- **Material for this task**
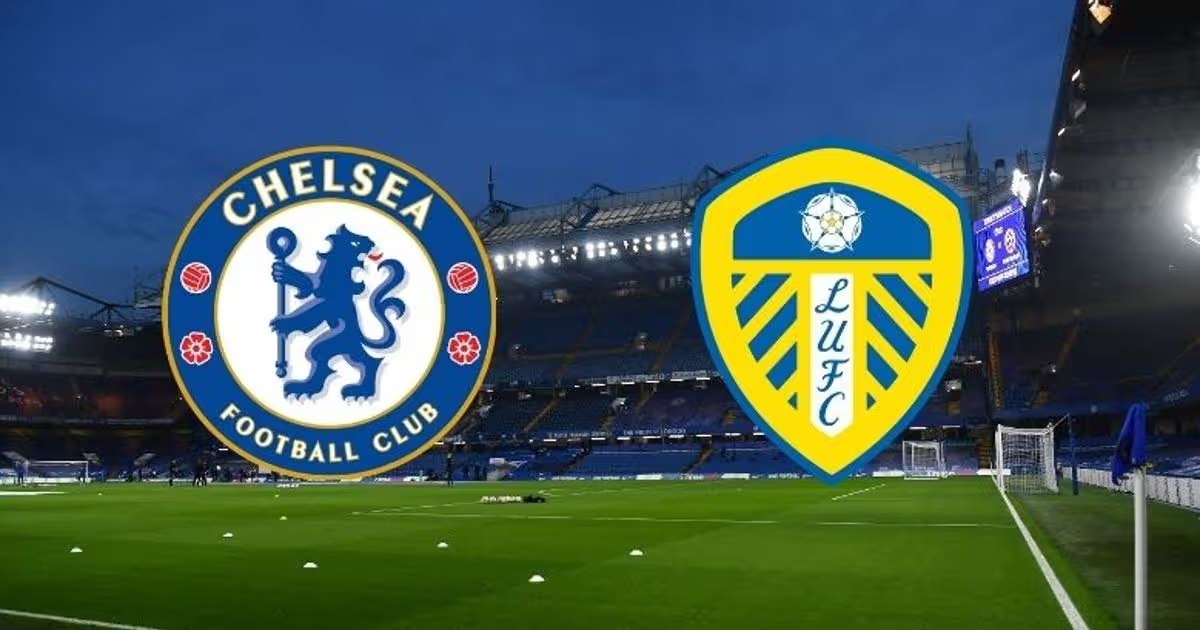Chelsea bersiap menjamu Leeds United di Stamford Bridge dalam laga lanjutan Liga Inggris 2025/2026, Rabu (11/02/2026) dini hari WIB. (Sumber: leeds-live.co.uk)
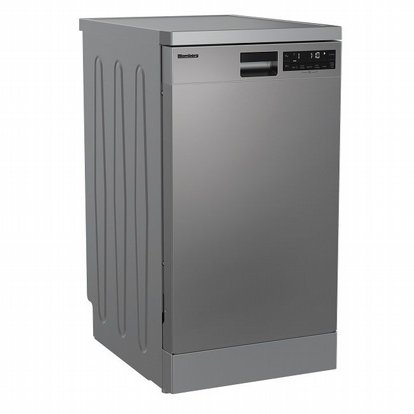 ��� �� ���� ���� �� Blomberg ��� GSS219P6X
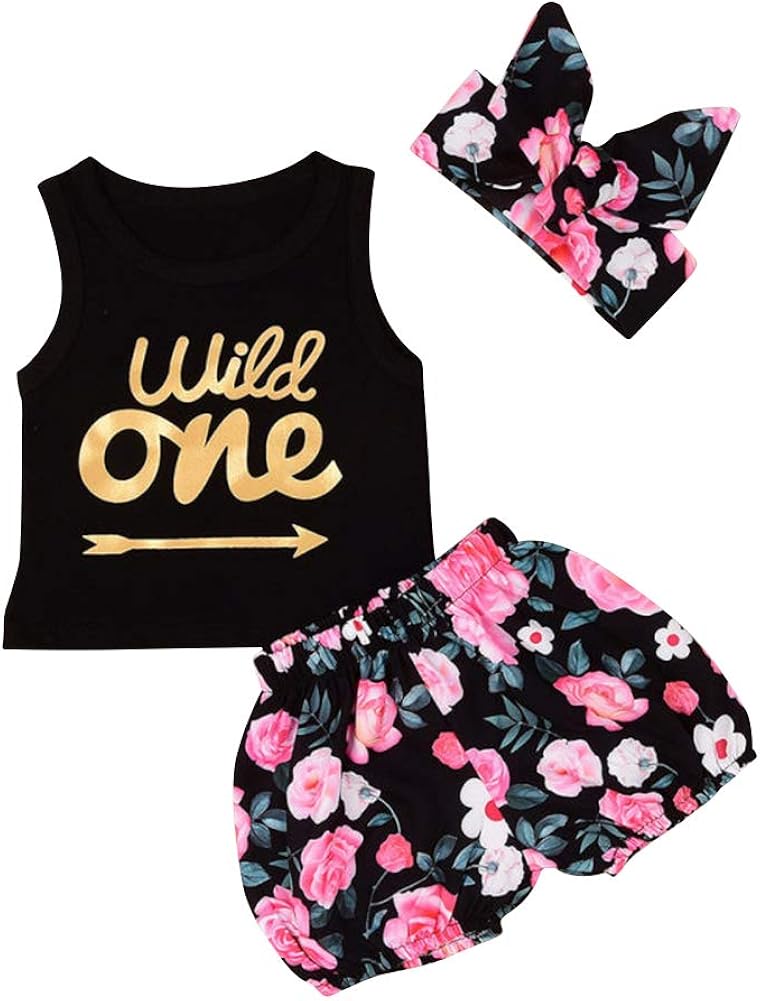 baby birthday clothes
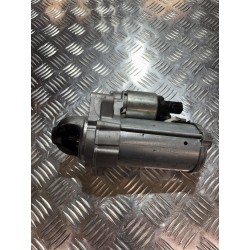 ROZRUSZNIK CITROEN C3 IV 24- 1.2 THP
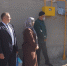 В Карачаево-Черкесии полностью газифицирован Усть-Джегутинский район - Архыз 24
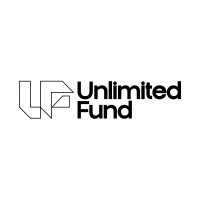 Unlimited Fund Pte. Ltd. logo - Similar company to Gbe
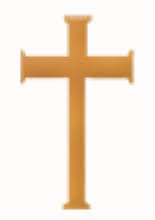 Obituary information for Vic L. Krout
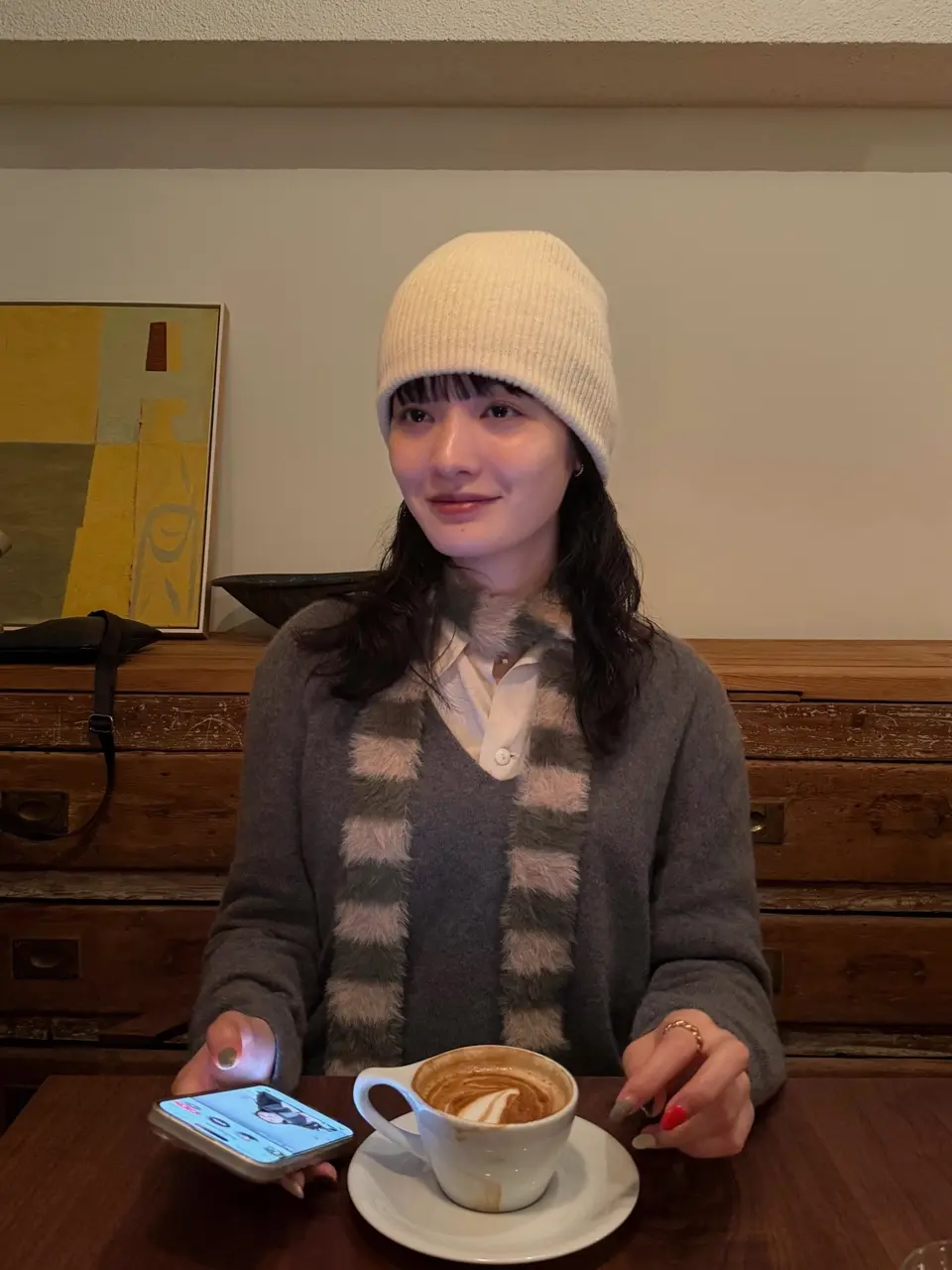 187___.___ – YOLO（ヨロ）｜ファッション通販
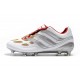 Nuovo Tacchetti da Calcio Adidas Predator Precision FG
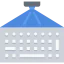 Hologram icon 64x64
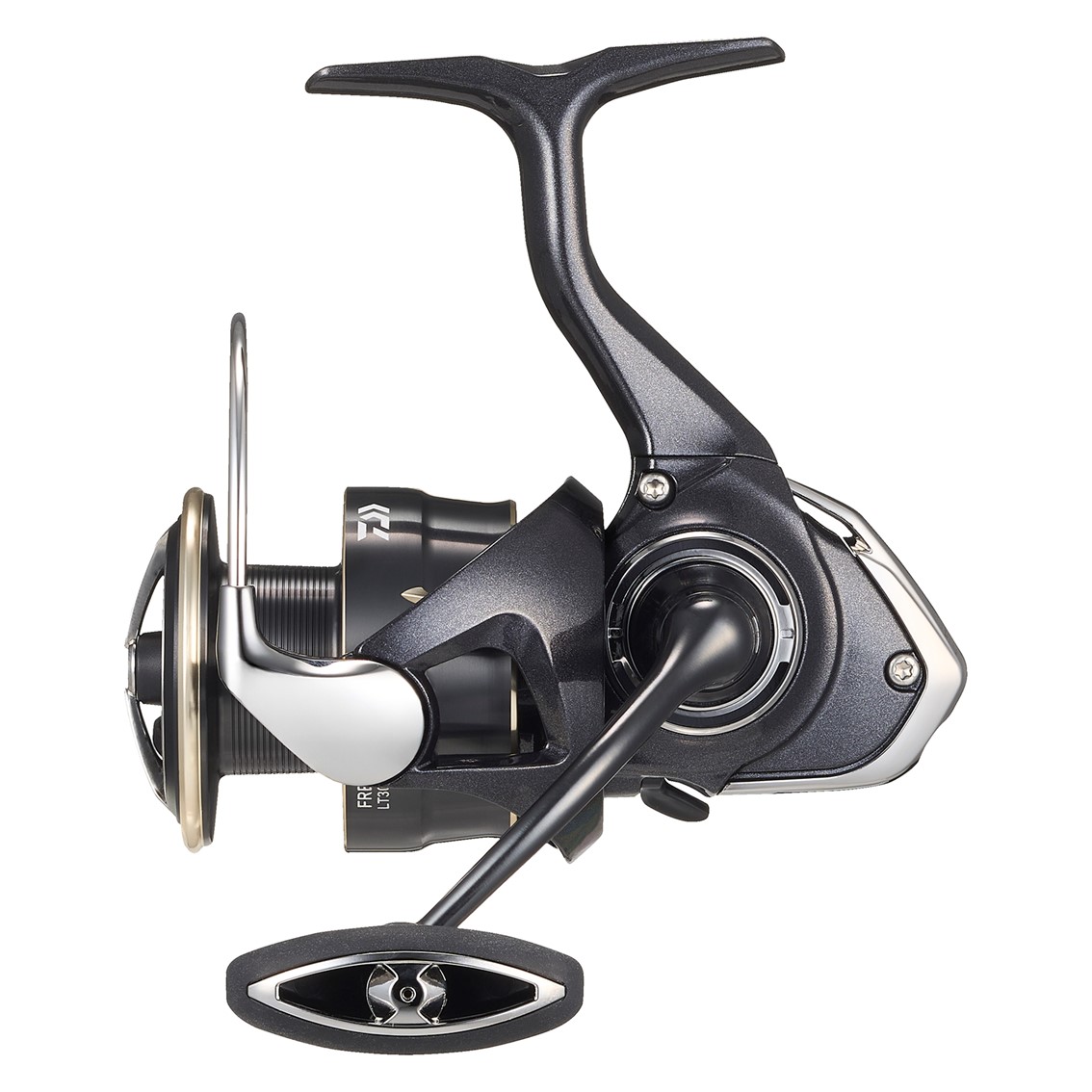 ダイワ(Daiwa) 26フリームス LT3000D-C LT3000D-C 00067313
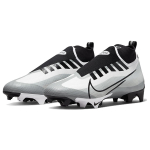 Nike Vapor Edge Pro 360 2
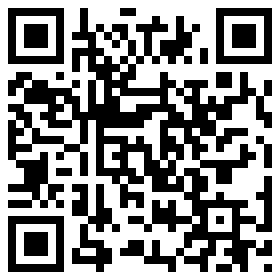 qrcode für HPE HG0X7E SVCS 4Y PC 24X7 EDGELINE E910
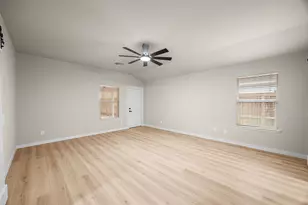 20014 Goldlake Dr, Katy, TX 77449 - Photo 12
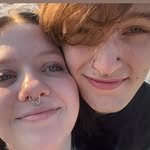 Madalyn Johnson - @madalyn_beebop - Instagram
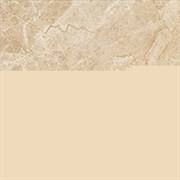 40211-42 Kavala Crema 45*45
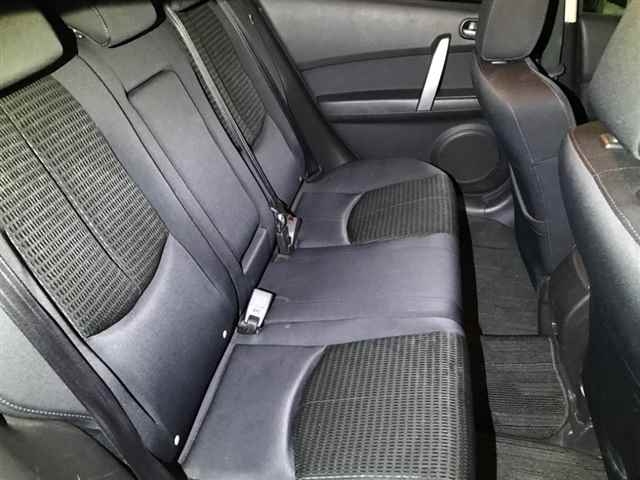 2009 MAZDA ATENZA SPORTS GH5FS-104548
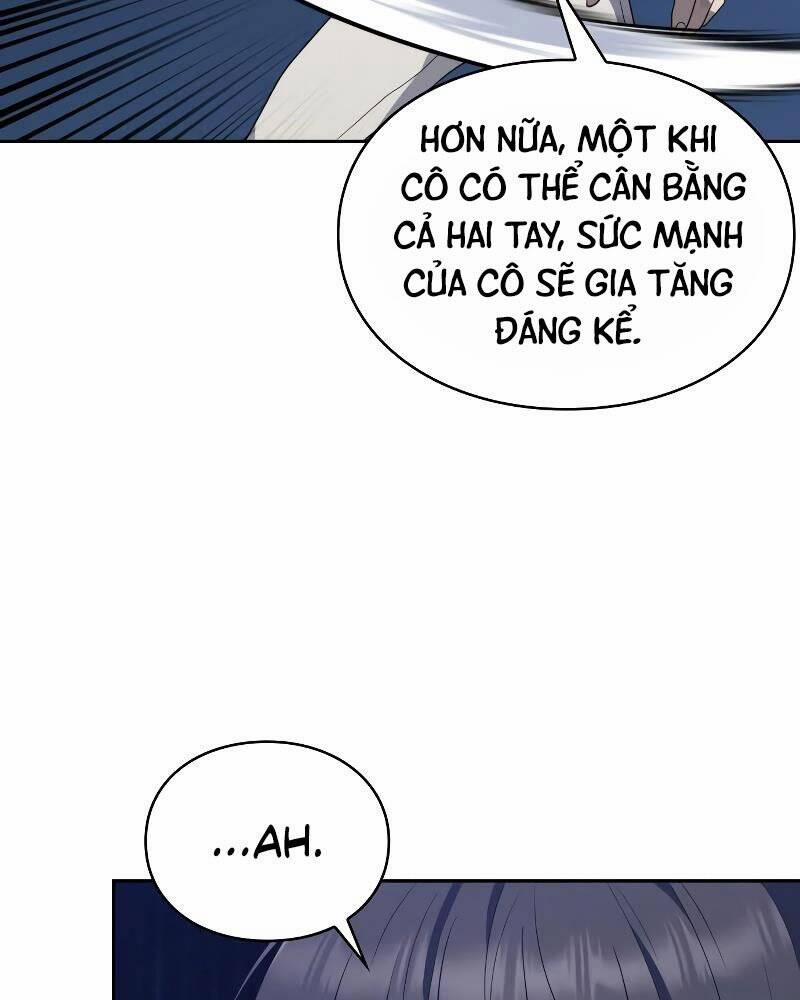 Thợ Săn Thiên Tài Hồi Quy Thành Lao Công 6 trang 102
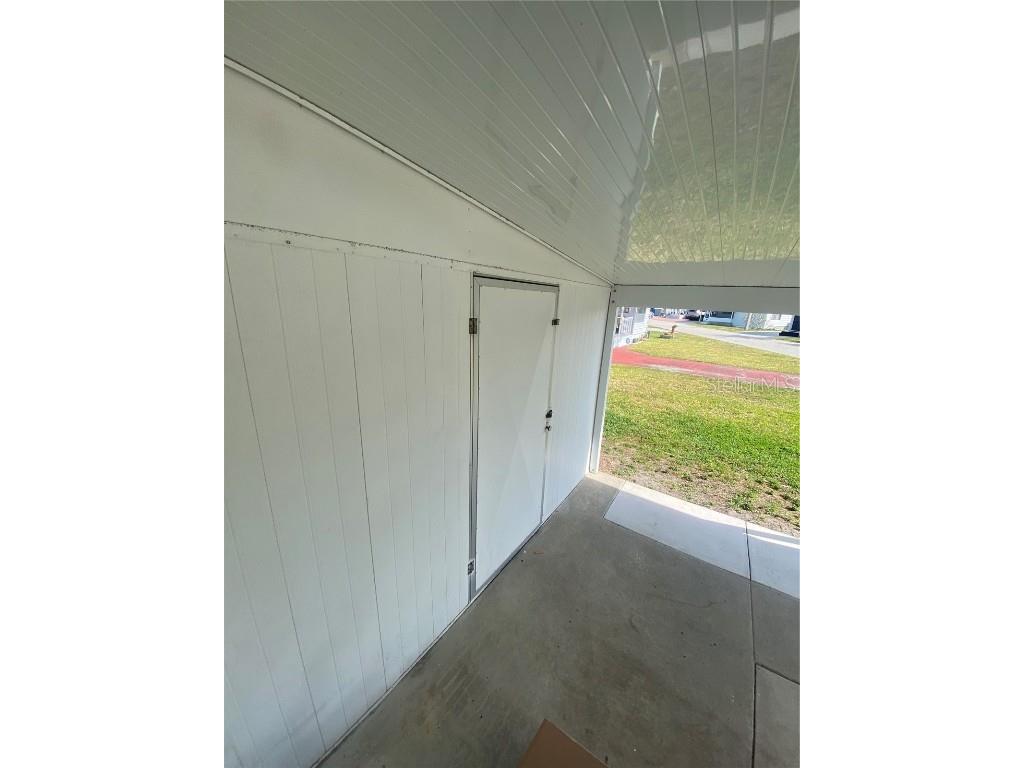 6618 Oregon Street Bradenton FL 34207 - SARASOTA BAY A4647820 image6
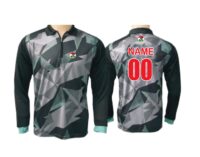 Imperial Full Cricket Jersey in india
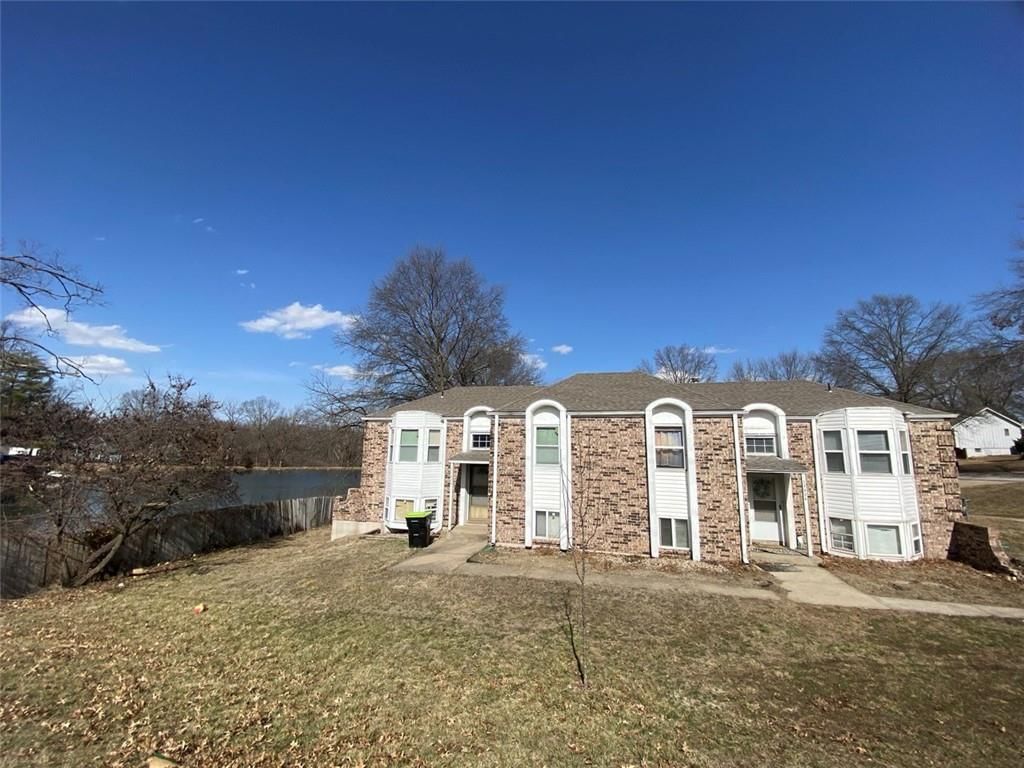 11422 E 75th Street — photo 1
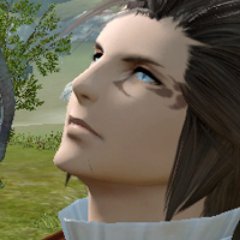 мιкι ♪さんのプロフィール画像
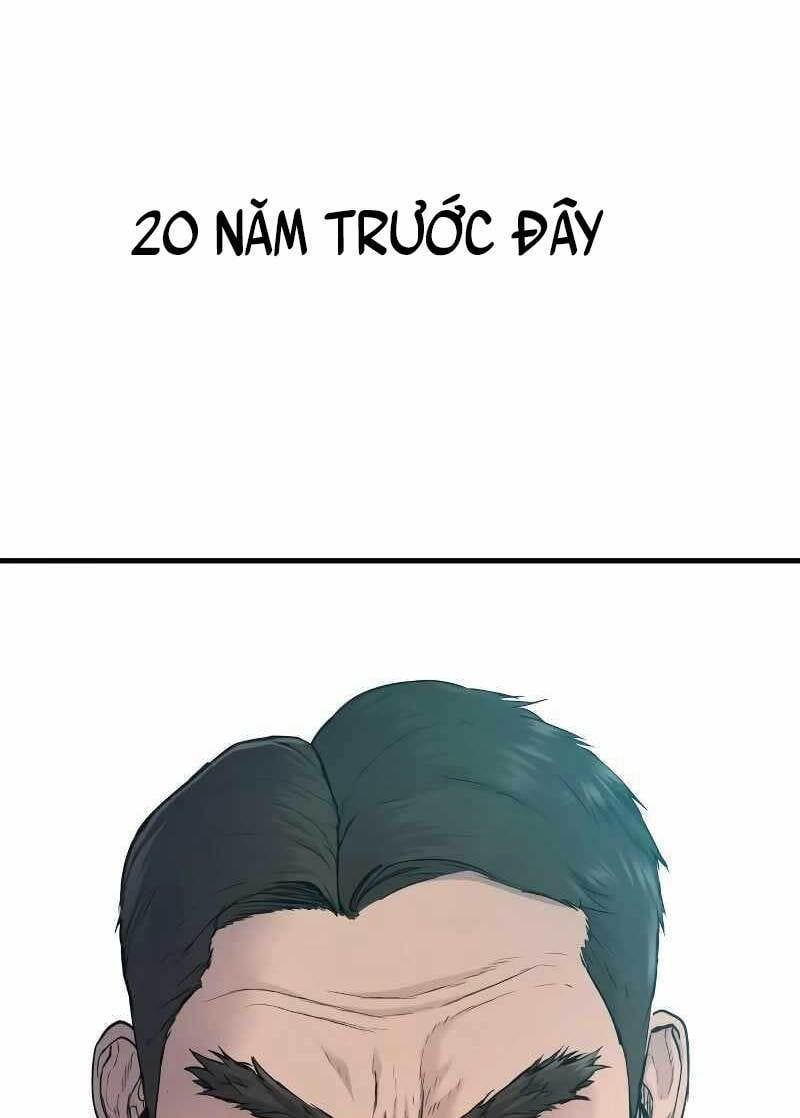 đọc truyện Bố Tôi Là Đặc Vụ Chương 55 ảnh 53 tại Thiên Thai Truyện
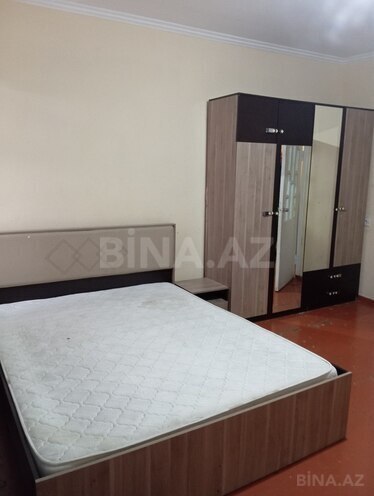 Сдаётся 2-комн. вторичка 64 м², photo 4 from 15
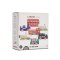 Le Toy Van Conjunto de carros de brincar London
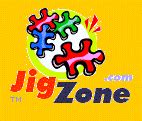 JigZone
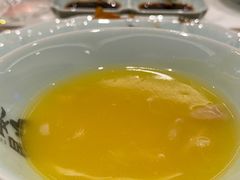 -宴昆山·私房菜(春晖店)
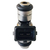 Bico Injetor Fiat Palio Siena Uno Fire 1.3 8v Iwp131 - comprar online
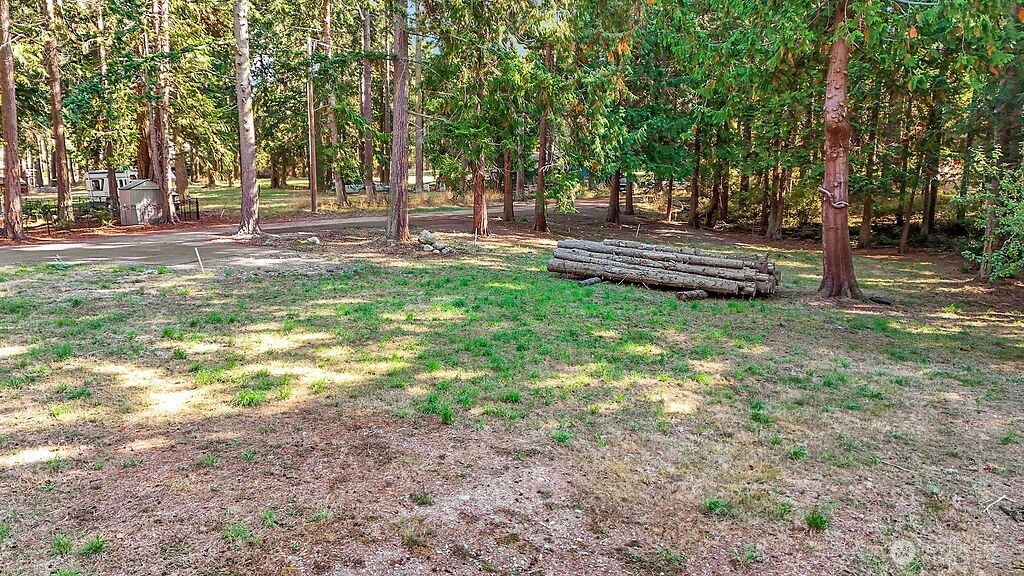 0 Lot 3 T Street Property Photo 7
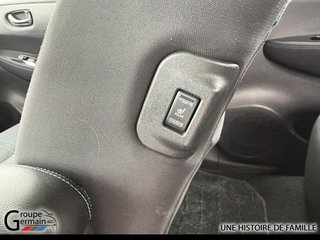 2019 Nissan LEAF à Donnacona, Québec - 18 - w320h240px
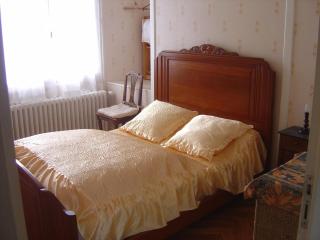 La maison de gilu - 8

- **What the task requires**
Both the line above containing "2009 MAZDA ATENZA SPORTS GH5FS-104548" and the line containing "мιкι ♪さんのプロフィール画像" belong in the copy, along with every line between them; print these exactly and omit the pictures.

- **Task output**
 2009 MAZDA ATENZA SPORTS GH5FS-104548
 Thợ Săn Thiên Tài Hồi Quy Thành Lao Công 6 trang 102
 6618 Oregon Street Bradenton FL 34207 - SARASOTA BAY A4647820 image6
 Imperial Full Cricket Jersey in india
 11422 E 75th Street — photo 1
 мιкι ♪さんのプロフィール画像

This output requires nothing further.